My seven-year-old daughter wants a tablet. I don’t own a tablet—I have a lovely, but outdated netbook—but she wants one because her best friend has one (her best friend is six). And she likes to point out, often and quite vocally, that she is the only family member without tech. She feels…left behind.
And I completely understand her desire for “tech” because “tech” is everywhere. It’s in TV commercials where people using the newest tech item dance in the park, or people who have outdated technology (such as myself) are portrayed as living in ancient Egypt and relying on the sun to tell the time. Everyone I know is creating a new “app for that,” and I while I know that there is no denying that we, as a nation, are behind on providing technology to our students or treating technology as a partner in education, I wonder how we can create a balance between the “what we need” and the “what we want” when it comes to technology.
We are at times, however, playing catch up in a game that we don’t even understand, and because we are constantly one lap behind we are failing to make the needed and necessary changes in order to get ahead of rapidly changing technology. Take India, for example, where the creation of a $20—yes TWENTY dollar —tablet named Aakash 2 is transforming and shifting the very conversation about education and technology. While the government in India has embraced this future by supporting this business endeavor, the cellular phone bandwidth is, unfortunately, not as compliant. So while this technology can be in the hands of children, they might be in a “dead zone” and unable to use. But even that isn’t an obstacle to this opportunity; it’s a challenge, but one if triumphed over will be a game-changer.
In America it’s a completely different story. While we have broadband in most areas (although our rural areas are often lacking with connectivity support) and our education system supports some use of technology either in our schools or in a student’s at home learning time, we still don’t have technology that is affordable and thus accessible to all our citizens.
Here’s the thing: Aakash 2 could be the sole provider of this type of technology in the developing world because of how the Indian government is subsidizing production. The goal of creating this tablet was to empower and educate as a way to address poverty. And technology is everywhere, and as Francesca Kaplan Grossman points out in a recent article in Huffington Post, “the world is online.”

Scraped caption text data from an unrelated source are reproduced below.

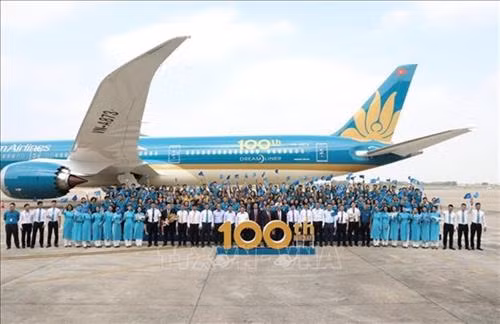 张和平出席越航机队第100架飞机交接仪式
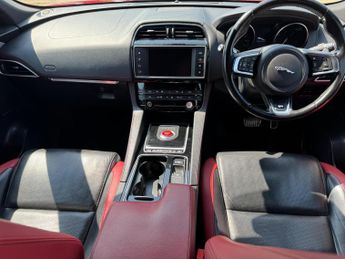 Jaguar F-PACE 3.0 D300 V6 S Auto AWD Euro 6 (s/s) 5dr
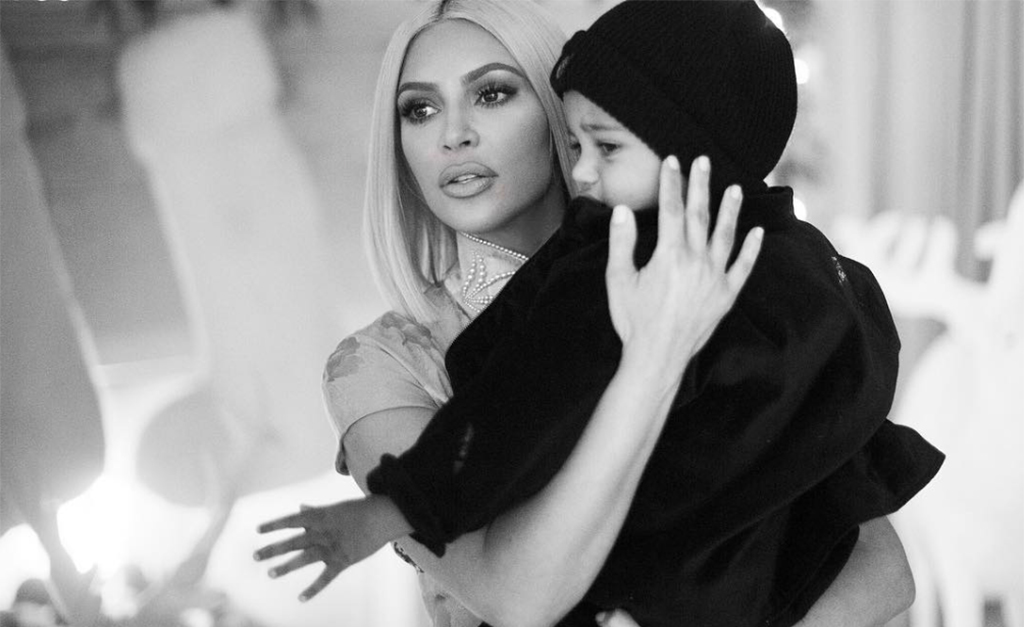 Kim Kardashian e Kanye West têm fim de ano conturbado, e passam últimos dias de 2017 no hospital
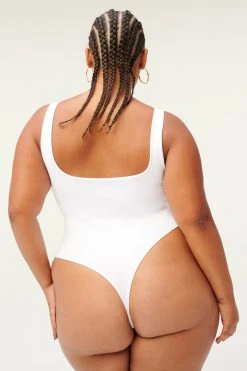GOOD AMERICAN GOOD FORM MODERN TANK BODY | WHITE001 Bodysuits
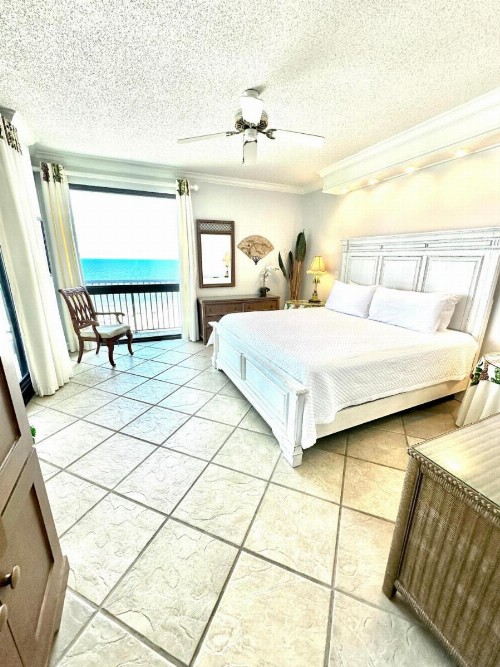 Romar House Unit 704A - image 15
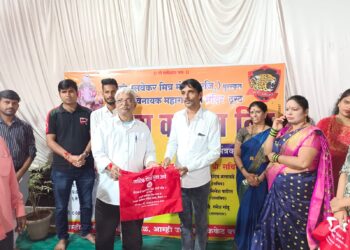 आम्ही उलवेकरच्या वतीने कापडी पिशवी वाटप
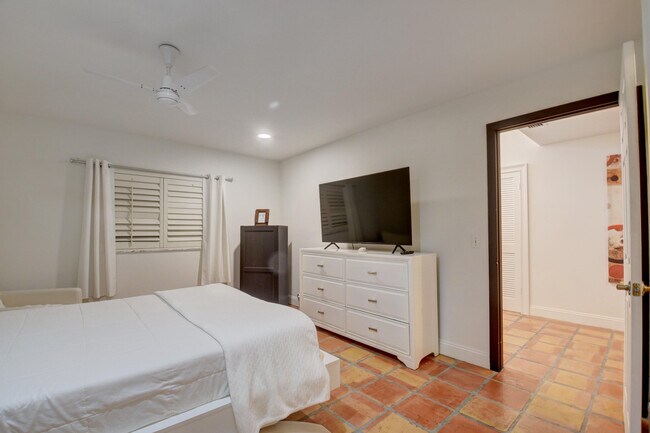 Building Photo - 4666 Fountains Dr S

But while the world may be online, for example children play games on cell phones in Africa and learn about health issues while doing it, here in America there is a Luddite mentality that often resists this kind of transformative change. We want the tech, but we don’t what goes with the tech. Parents are often warned, endlessly, about the dangers of being online “too much,” of children who only talk or write “text-speak,” and of becoming too reliant on social networking sites for social and emotional well-being. But our kids already have the tech and the access to an ever-changing world where new gadgets and gizmos are produced and promoted at an alarming rate, where the newest and best is outdated the moment you have it in your hands.

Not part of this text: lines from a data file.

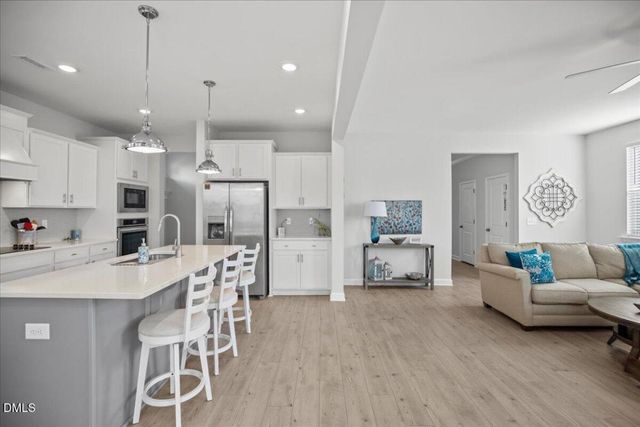 90 Rigsby Avenue, Four Oaks, NC 27524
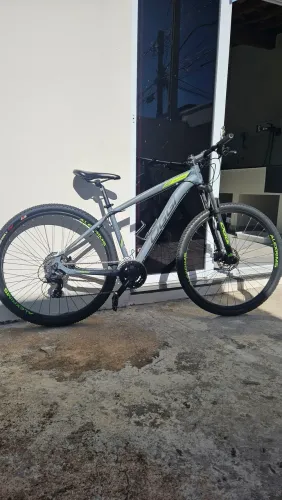 Oggi Hacker HDS aro 29 tamanho 17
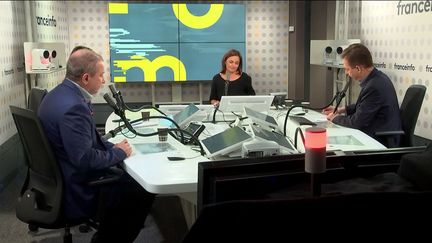 les informés du matin du 2 novembre 2021 (FRANCEINFO / RADIOFRANCE)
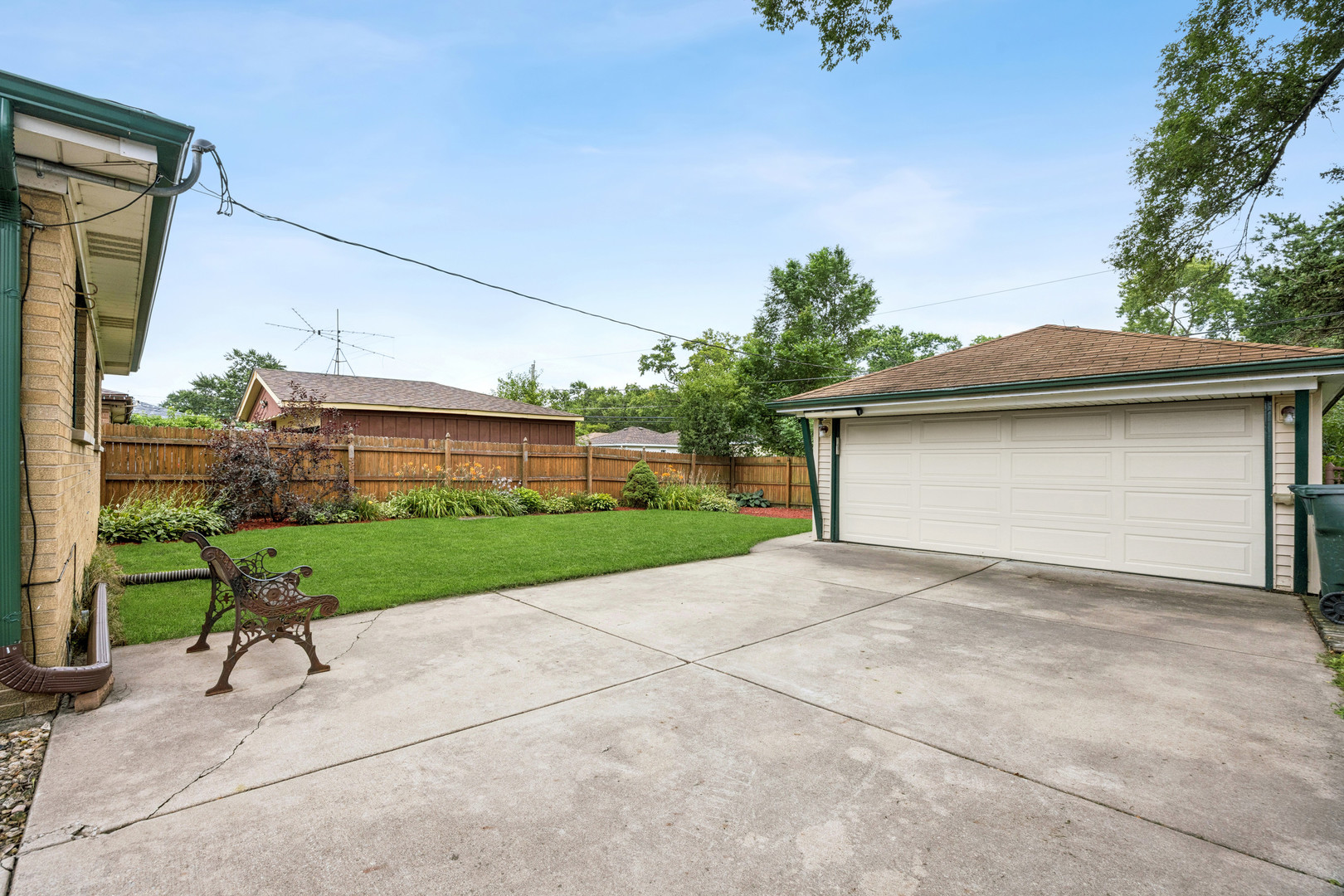 3843 153rd Street Property Photo 20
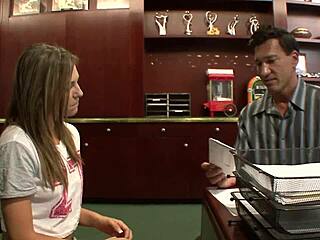 Dahlia Sky Craves Deepthroat Doggystyle And Gaping Anal From Hung Cock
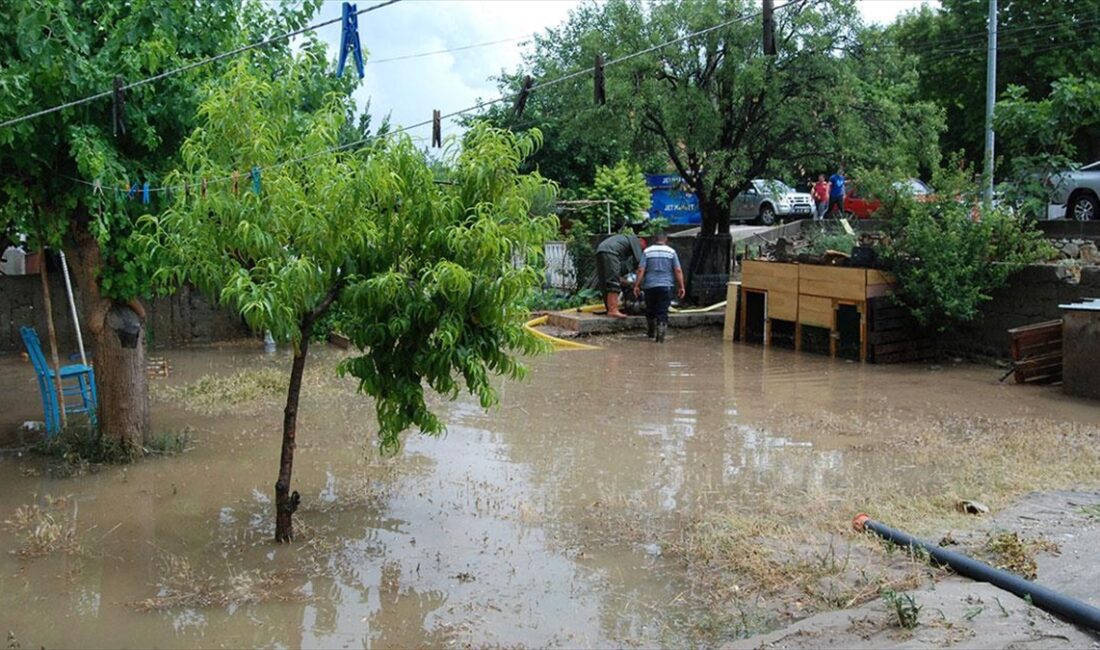 Çanakkale'nin Bayramiç ve Ezine ilçelerinde sağanak nedeniyle bazı ev ve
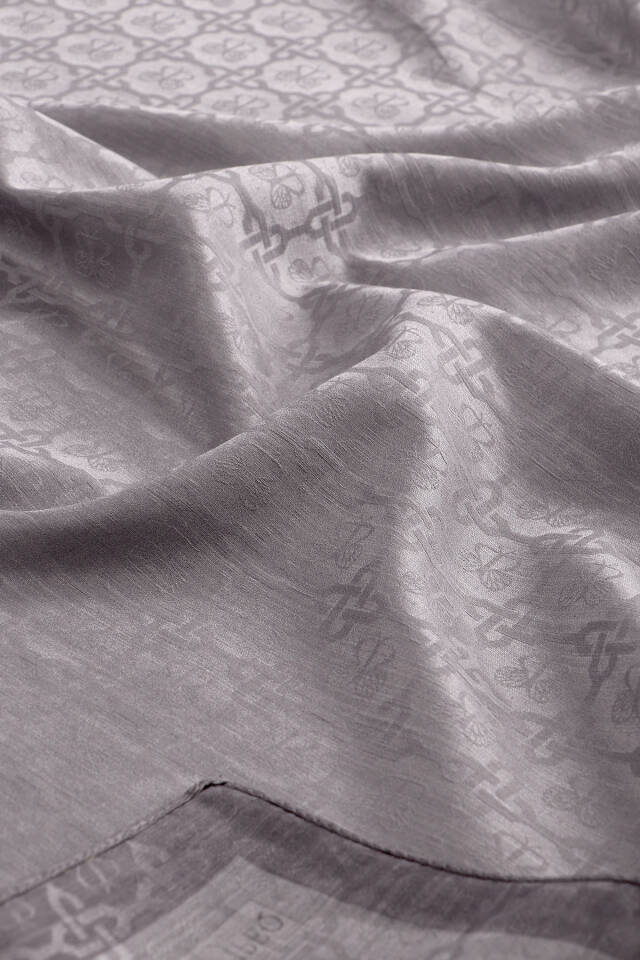 Gri Kelebek Monogram Desen İpek Pamuk Şal - 4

And while we have the potential technology to change how we educate the next generation of learners, many of our educators are also worried that the Internet is harming our children because they aren’t becoming independent thinkers. But the truth is that there is a connectivity the Internet provides that can foster independent thinking, because respectful Internet usage can open doors that may be closed to many of our students, especially those who live on the edge of poverty and extracurricular educational opportunity.
India wants every citizen to have a tablet in order to create a more productive citizenry—one in which every educational opportunity is available to all, which can shift future economic outcomes. And the key to all of this is acknowledging that the job for my seven-year-old daughter may be created by her 14-year-old brother, that traditional role of “teacher” may need to shift to become “mentor” or “project manager,” and that a tablet in the hands of a child is her tabula rasa. She will create the future she wants and it will be inherently connected to technology because that is the foundation of her experience.
So the question isn’t whether I will get a tablet for her… the question is how many tablets will I have to get her until she can create her own.